Stout werd in 1974 gymleraar aan De Driestar, eerst op mavo, havo en de opleiding voor kleuterleidsters (KLOS), vanaf 1977 alleen aan de KLOS en later op de pabo. Van de Geer was vanaf 1975 rekendocent aan de pedagogische academie (PA). „Ik had er niet zo veel zin in. Ik had het prima op de mavo/havo, dus daar wilde ik voor de helft van mijn tijd blijven toen ik voor de onderwijzersopleiding werd gevraagd. In de loop van het eerste jaar ging ik er zo van genieten dat ik vanaf augustus 1976 volledig aan de PA ging werken. Het was net in de overgangsperiode van mechanistisch naar realistisch rekenen. Er waren veel ideeën, maar deze waren nog niet vertaald in onderwijs, dus je moest iedere les zelf ontwerpen.”
Ook voor Stout was het pionieren. „Het woord kleutergym kende ik niet eens; mijn opleiding had zich op de klassen 2 tot en met 6 gericht. Om te weten hoe ik de kleuterleidsters moest opleiden, ben ik eerst zelf op kleuterscholen gymles gaan geven.”
Van de Geer: „Er was voor alle vakken minder materiaal dan in het voortgezet onderwijs: de onderwijzersopleidingen waren vrijer in de invulling van hun programma en het totaalaantal studenten was veel kleiner, dus het was voor uitgevers minder aantrekkelijk om lesmateriaal te ontwikkelen.
Mij boeide vooral de didactiek. Op de middelbare school had ik ontdekt hoe moeilijk het is een abstract probleem zo uit te leggen dat leerlingen het begrijpen. Een goede pedagogische relatie met de leerlingen is daarbij voorwaarde. Mijn voorganger op de PA, B. Kijkuit, had de gave pedagogiek en didactiek met elkaar te verbinden. Die twee worden soms ten onrechte tegen elkaar uitgespeeld. Alsof wiskundig ingestelde mensen abstract denken en daardoor geen kinderen zien. Dat beeld leeft hier en daar nog steeds, maar het is lariekoek.
In de jaren dat ik zelf op de kweekschool zat, gaf alleen Kijkuit voortdurend didactiek. In de rest van de opleiding kreeg ik precies drie didactische lessen: één voor Nederlands, één voor aardrijkskunde en één voor geschiedenis. Toen ik voor de klas kwam te staan, wist ik echt niet hoe ik moest lesgeven. Bovendien was de begeleiding op de lagere school nihil. Als ik dat vergelijk met wat studenten nu meekrijgen, is er een enorme vooruitgang.”

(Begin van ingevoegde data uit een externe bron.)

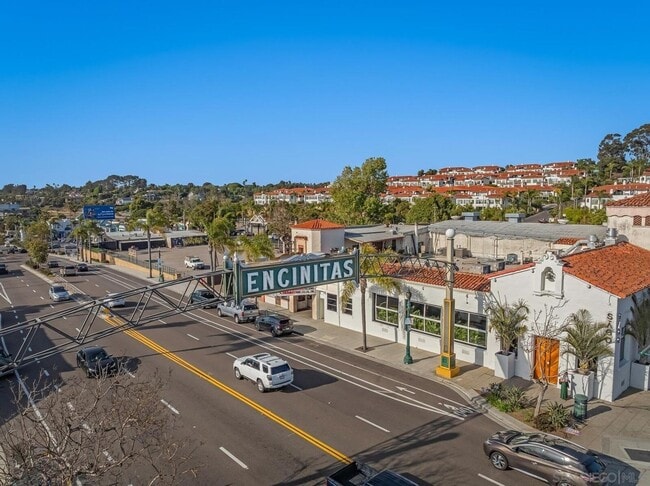 Building Photo - 542-546 3rd St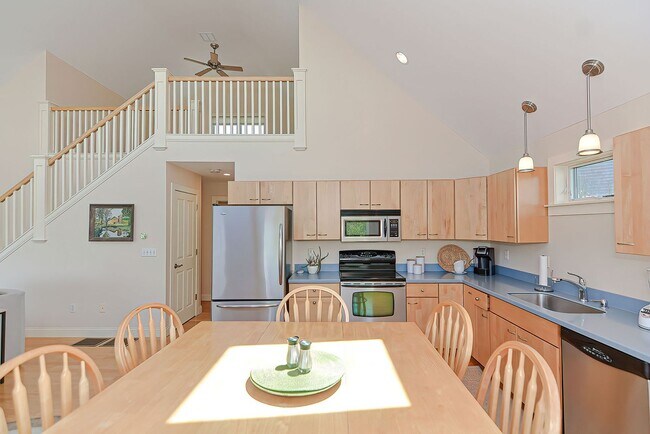 Building Photo - 4 Bryn Mawr Way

Stout: „Mijn grote voorbeeld was mijn gymleraar op de hbs, Th. van der Pols. Hij ging niet zozeer uit van het resultaat –ze moeten over de bok kunnen springen–, maar van het proces. Als hij een bang iemand zo ver kreeg dat hij met zijn knieën de bok raakte en dan terugsprong, kreeg die een even hoog cijfer als iemand die er met gemak overheen kwam. Dan straalde zo’n kind. Dat was voor mij een openbaring. Zo heb ik het ook geprobeerd te doen. Studenten die met een lang gezicht de gymzaal binnenkwamen, verlieten die dan vaak toch met voldoening. Zodra de klik er is, gaan ze ervoor.”
De beide docenten ervoeren de samenvoeging van PA en KLOS tot pabo als „heel ingrijpend.” Stout: „Het was een miskleun. We verloren heel veel goede kleuterjuffen doordat mavomeisjes niet meer werden toegelaten, zoals voordien bij de opleiding voor kleuterleidster.”

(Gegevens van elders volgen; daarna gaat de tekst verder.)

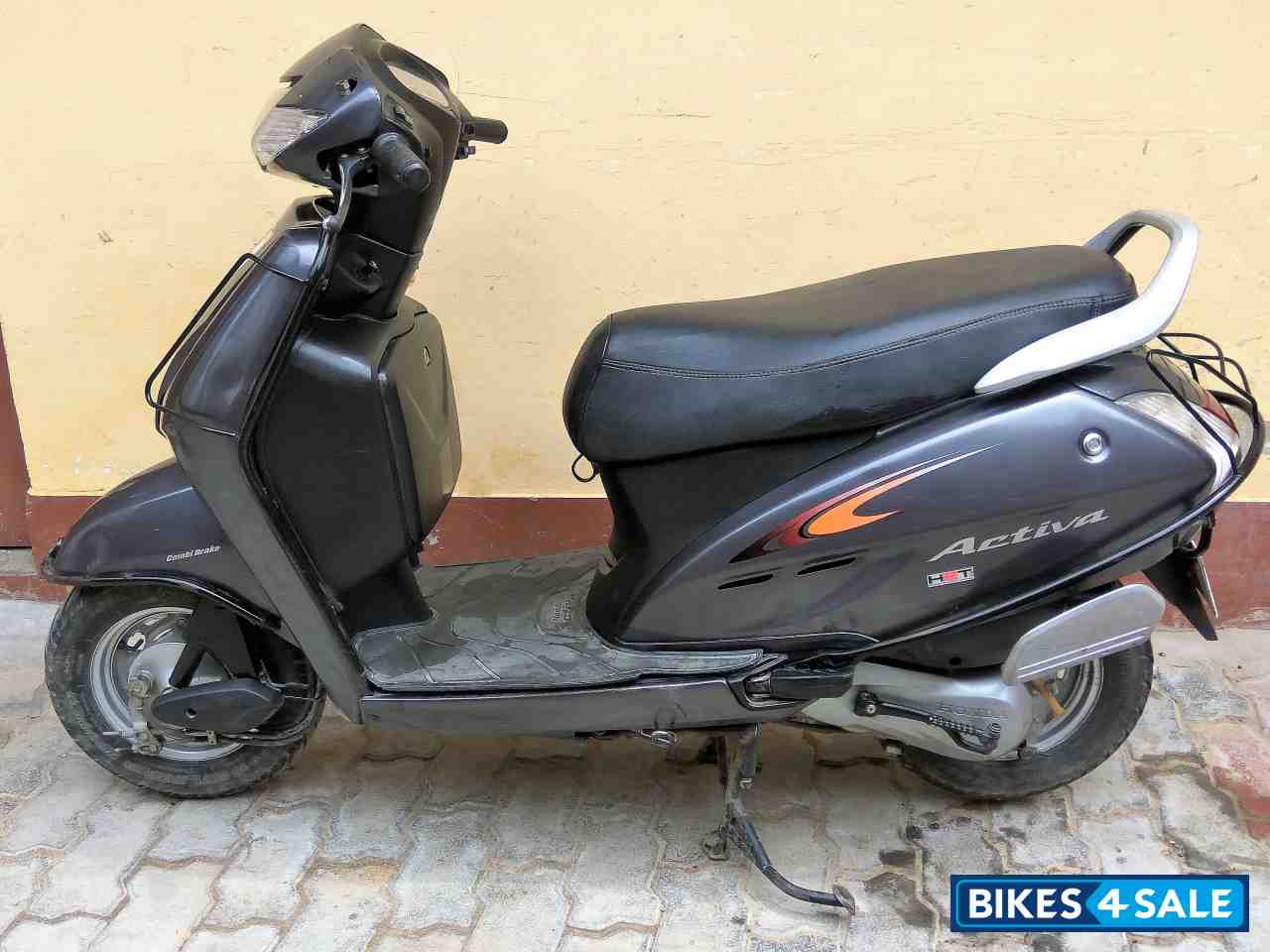 Gray Honda Activa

Van de Geer: „Iedereen moest in vier jaar tijd voor de basisschool worden opgeleid en daardoor raakten onderdelen van de opleiding in de verdrukking. De eerste jaren na de samenvoeging PA en KLOS tot pabo was daarover heel veel gedoe. De kleuterleidsters die de KLOS gevolgd hadden, klaagden steen en been over leerkrachten die de pabo hadden gedaan. En voor een deel was dat terecht.
Daar kwam bij dat, net als binnen andere onderwijssectoren, de aandacht van kennis naar vaardigheden verschoof. Die ontwikkeling was nodig doordat er een ander type kind de school binnenkwam en de maatschappij veranderde, maar de balans sloeg te veel door. Binnen de vakgroep is dit vaak onderwerp van discussie geweest.”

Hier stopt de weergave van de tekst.